ABOUT THIS EXERCISE =
Write out each line below precisely, passing over the pictures.

----- TASK DATA

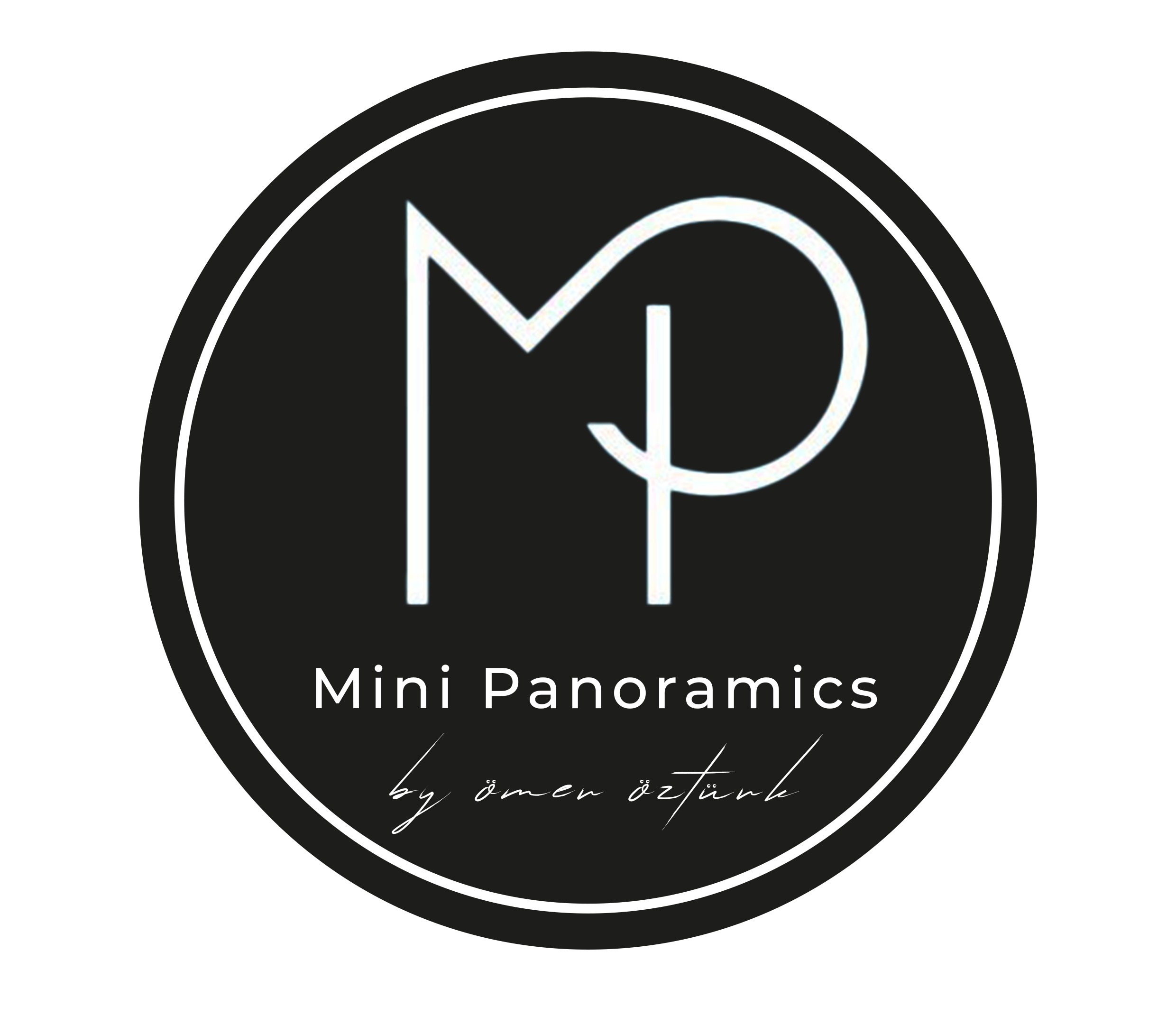 Mini Panoramics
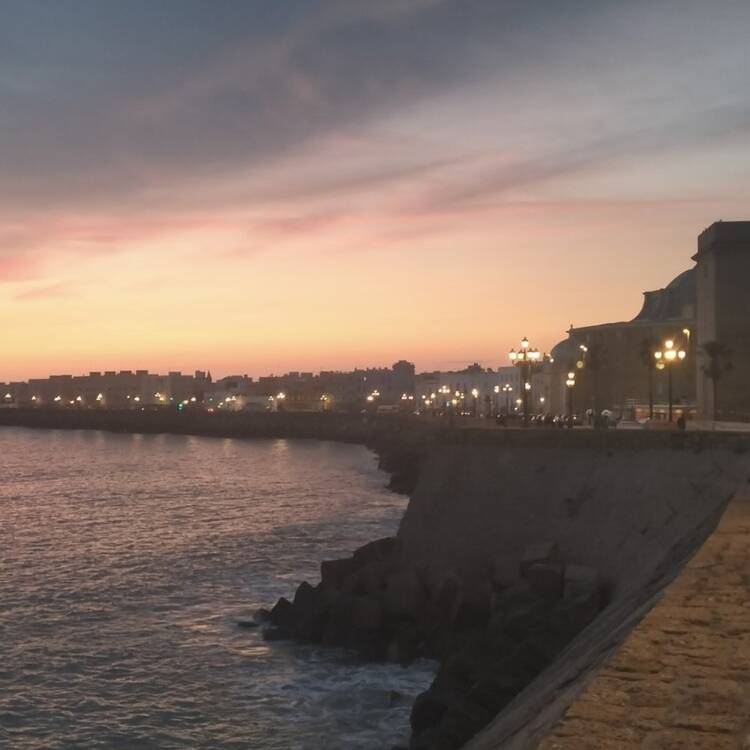 Foto de perfil de Juan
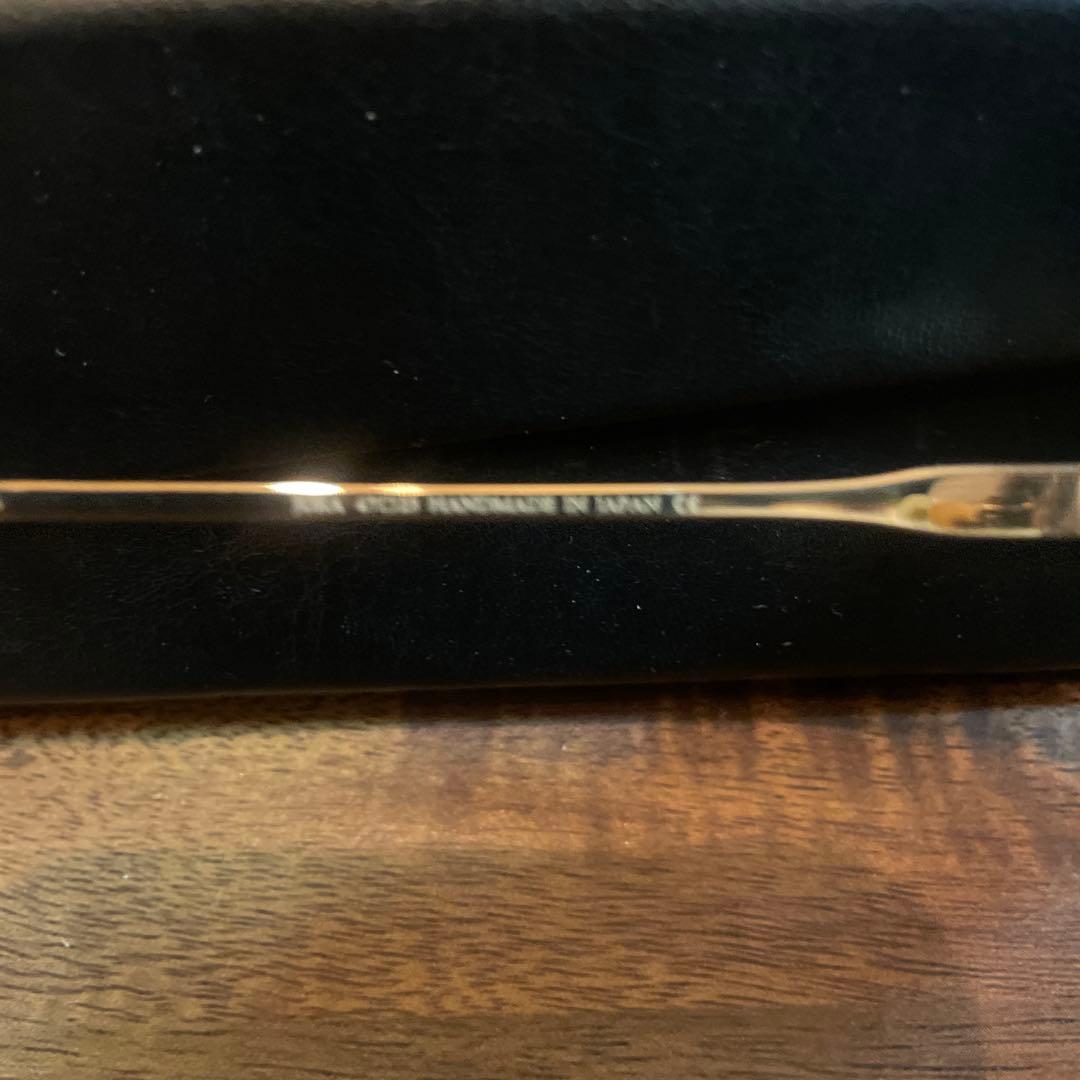 ayame JURA サングラス　最終値下げ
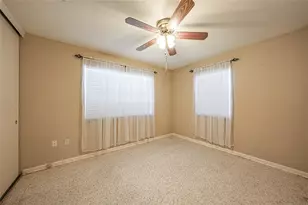 22267 Catherine Ave, Port Charlotte, FL 33952 - Photo 12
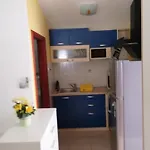 Apartamento Slavica *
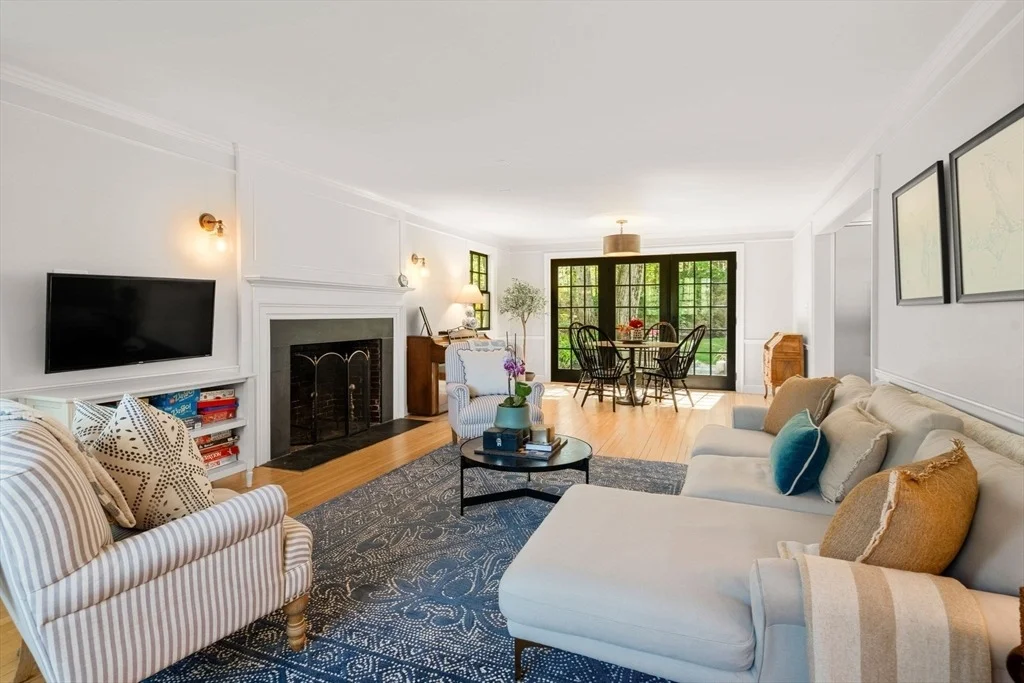 Photo of 153 Ridgeway Rd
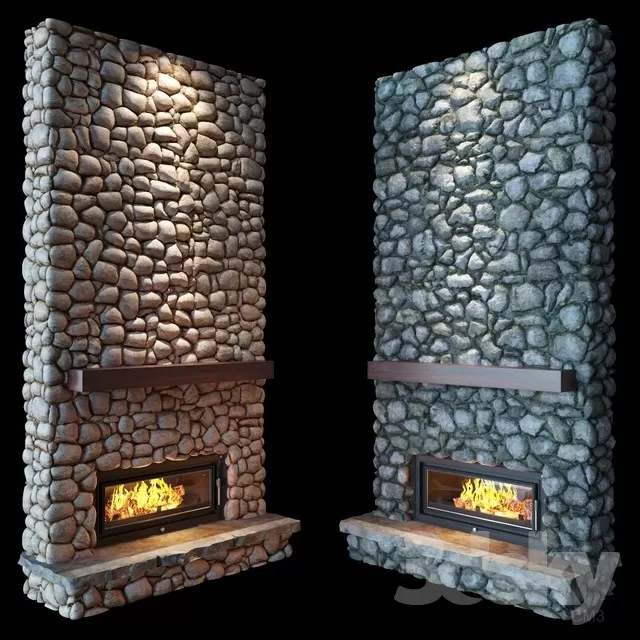 3DSKY PRO 3D MODELS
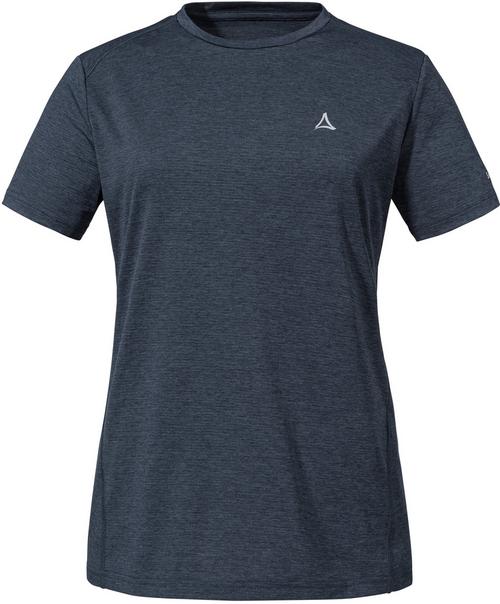 Sch&ouml;ffel CIRC Tauron Funktionsshirt Damen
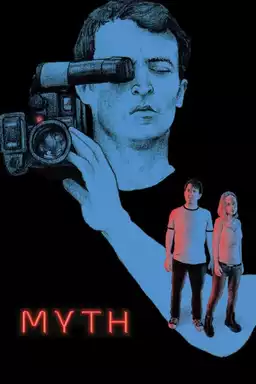 Myth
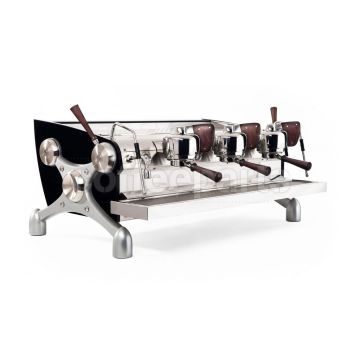 Slayer Espresso V3 Manual Paddel 3-Group Coffee Machine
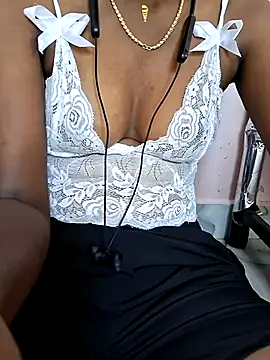 Tamil Laksh online show from March 21, 6:18 am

----------

RESULT FOR THIS EXERCISE =
 Mini Panoramics
 Foto de perfil de Juan
 ayame JURA サングラス　最終値下げ
 22267 Catherine Ave, Port Charlotte, FL 33952 - Photo 12
 Apartamento Slavica *
 Photo of 153 Ridgeway Rd
 3DSKY PRO 3D MODELS
 Sch&ouml;ffel CIRC Tauron Funktionsshirt Damen
 Myth
 Slayer Espresso V3 Manual Paddel 3-Group Coffee Machine
 Tamil Laksh online show from March 21, 6:18 am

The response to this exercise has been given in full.